(Collected data entries)
════════════════

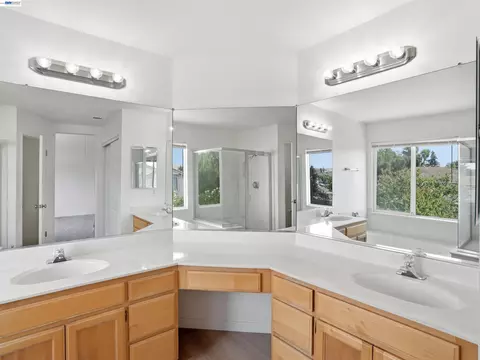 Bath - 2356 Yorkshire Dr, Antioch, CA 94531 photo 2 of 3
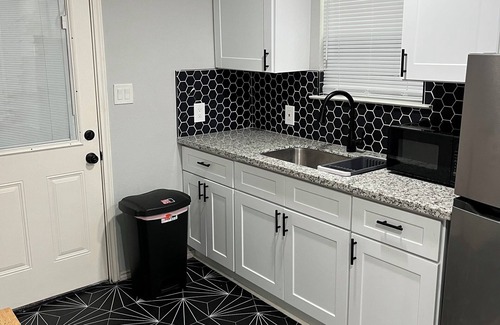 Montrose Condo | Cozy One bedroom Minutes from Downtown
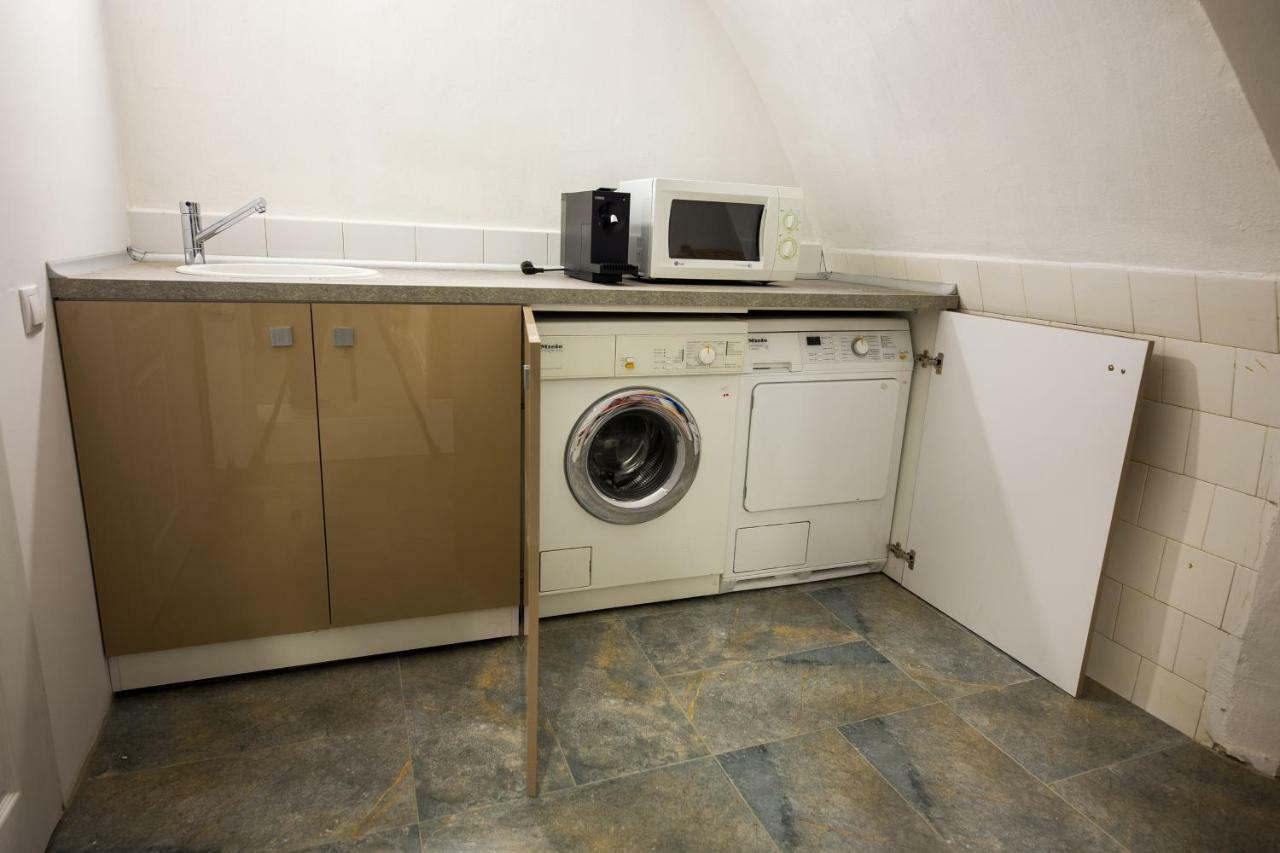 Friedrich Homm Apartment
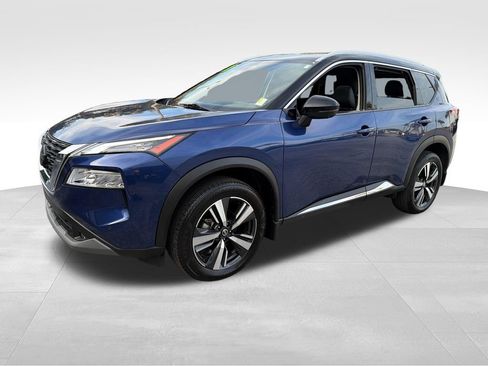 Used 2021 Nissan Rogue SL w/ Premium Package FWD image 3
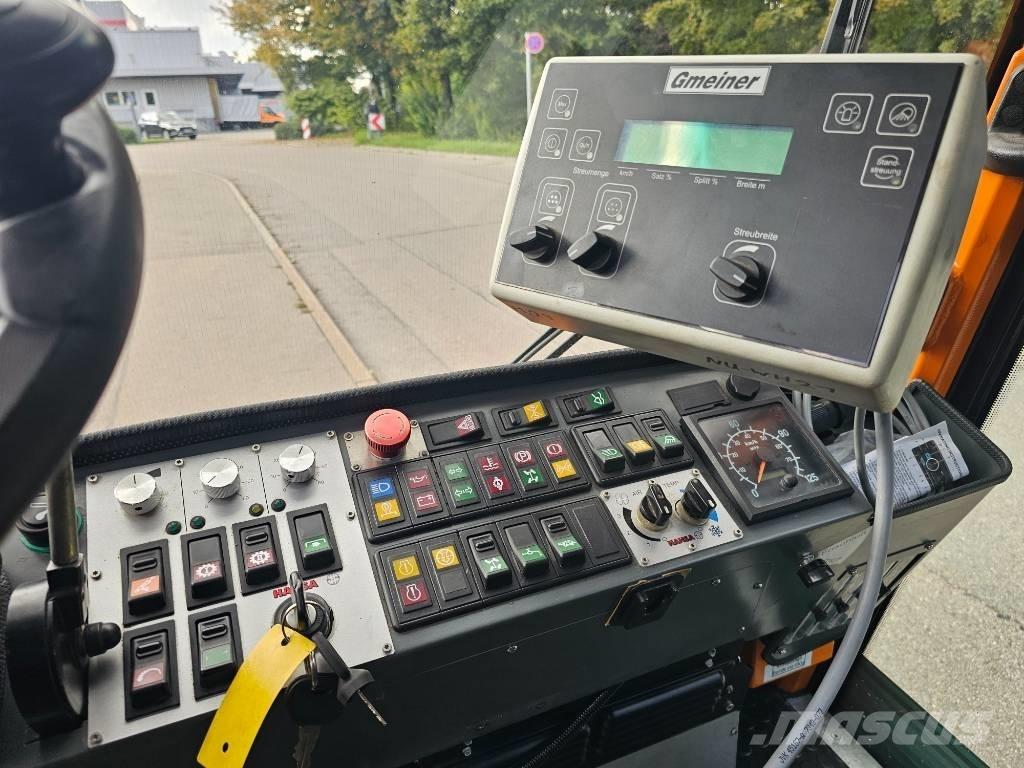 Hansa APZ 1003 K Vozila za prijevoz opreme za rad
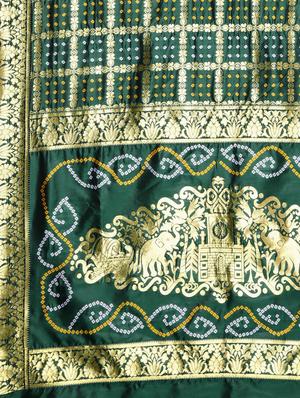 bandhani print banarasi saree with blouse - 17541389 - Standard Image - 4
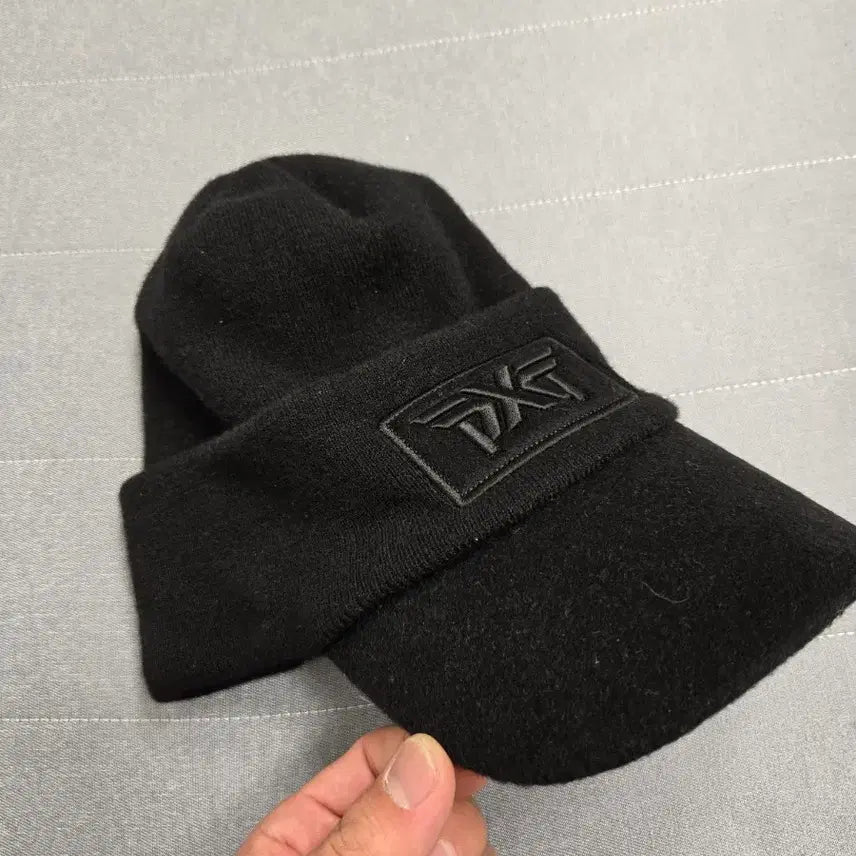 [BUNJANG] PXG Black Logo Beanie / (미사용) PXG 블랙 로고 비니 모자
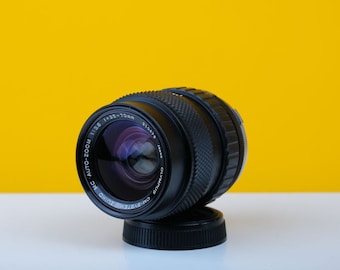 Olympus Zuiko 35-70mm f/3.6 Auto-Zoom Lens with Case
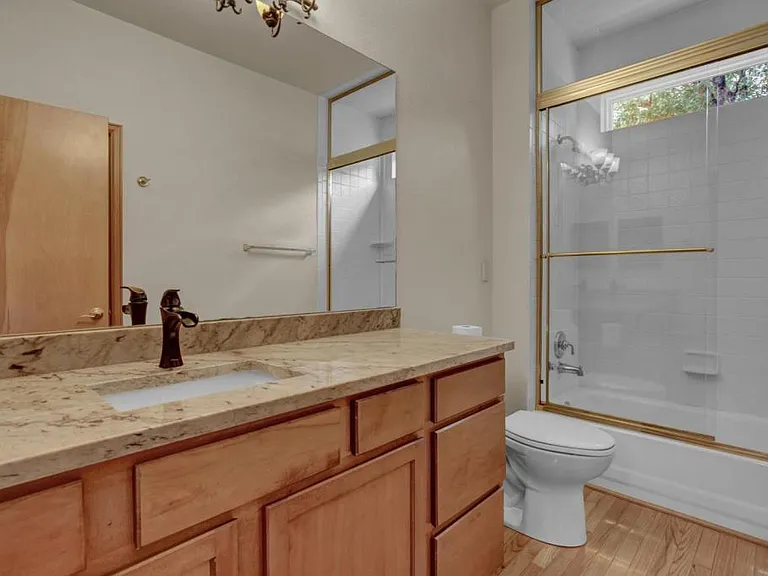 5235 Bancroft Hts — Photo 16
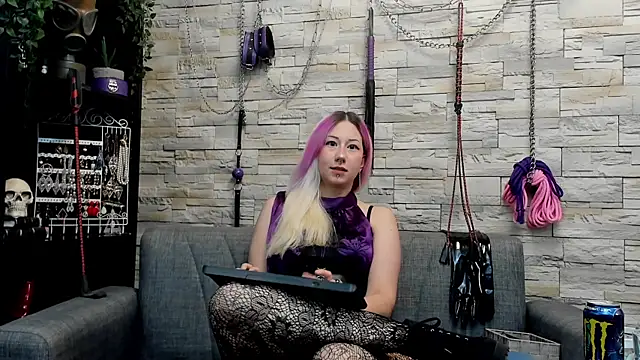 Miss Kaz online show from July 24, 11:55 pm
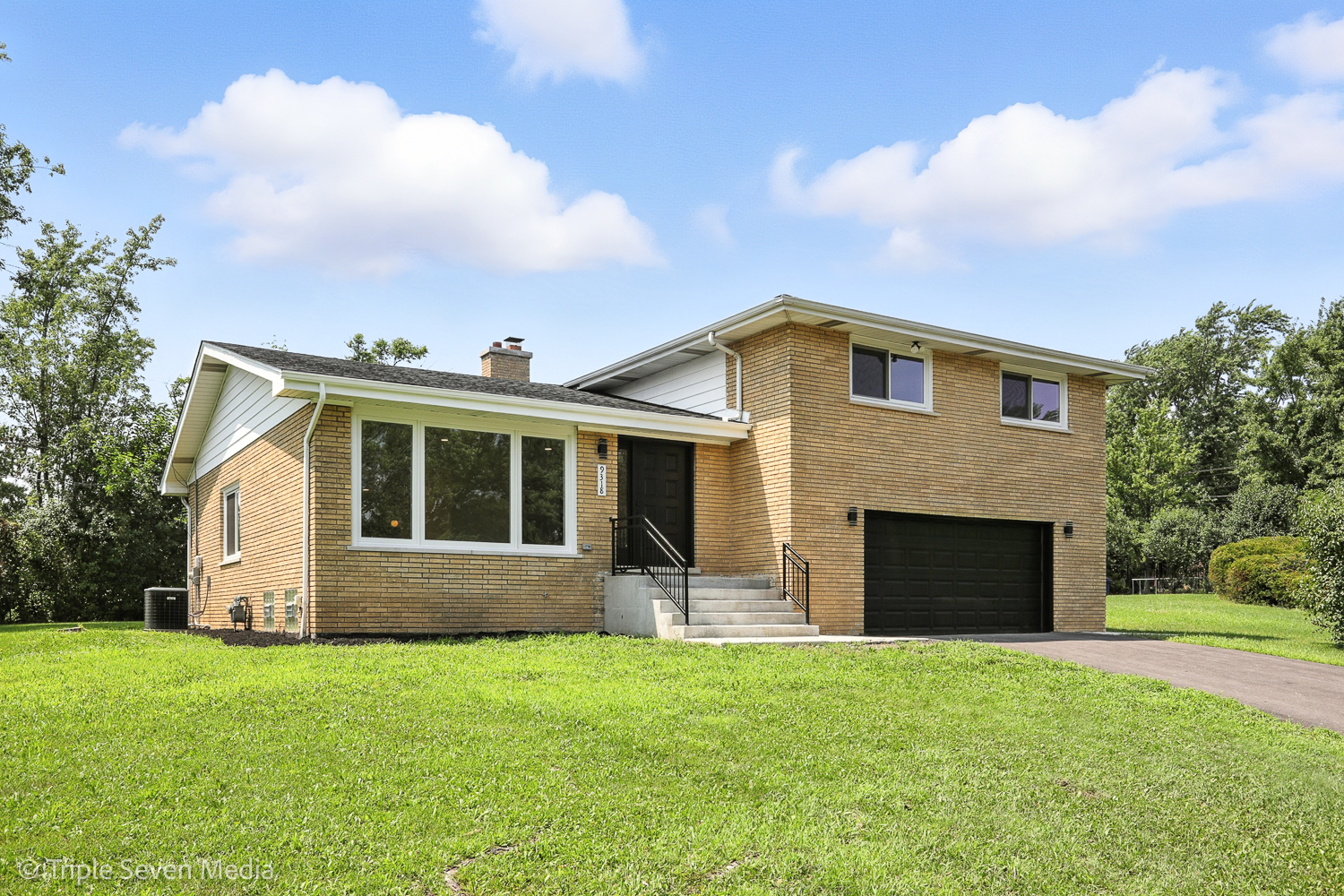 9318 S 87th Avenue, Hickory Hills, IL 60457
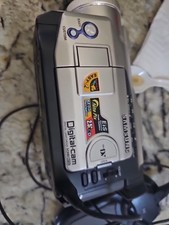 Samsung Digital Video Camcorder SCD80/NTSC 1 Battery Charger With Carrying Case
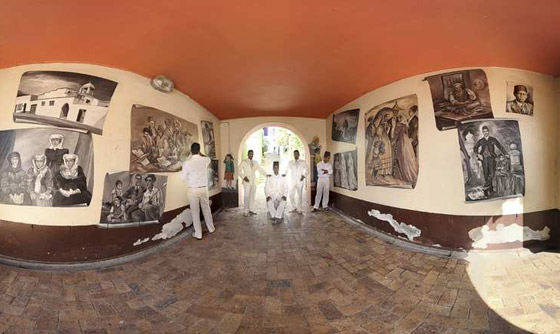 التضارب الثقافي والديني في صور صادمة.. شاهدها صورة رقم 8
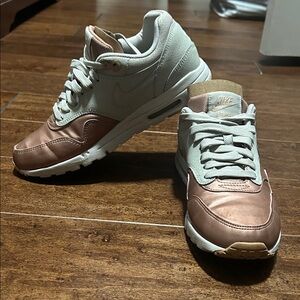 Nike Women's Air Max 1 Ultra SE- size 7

════════════════

The copy must start at the line containing "Friedrich Homm Apartment" and end at the last line of the records, matching each line exactly and holding no pictures.

 Friedrich Homm Apartment
 Used 2021 Nissan Rogue SL w/ Premium Package FWD image 3
 Hansa APZ 1003 K Vozila za prijevoz opreme za rad
 bandhani print banarasi saree with blouse - 17541389 - Standard Image - 4
 [BUNJANG] PXG Black Logo Beanie / (미사용) PXG 블랙 로고 비니 모자
 Olympus Zuiko 35-70mm f/3.6 Auto-Zoom Lens with Case
 5235 Bancroft Hts — Photo 16
 Miss Kaz online show from July 24, 11:55 pm
 9318 S 87th Avenue, Hickory Hills, IL 60457
 Samsung Digital Video Camcorder SCD80/NTSC 1 Battery Charger With Carrying Case
 التضارب الثقافي والديني في صور صادمة.. شاهدها صورة رقم 8
 Nike Women's Air Max 1 Ultra SE- size 7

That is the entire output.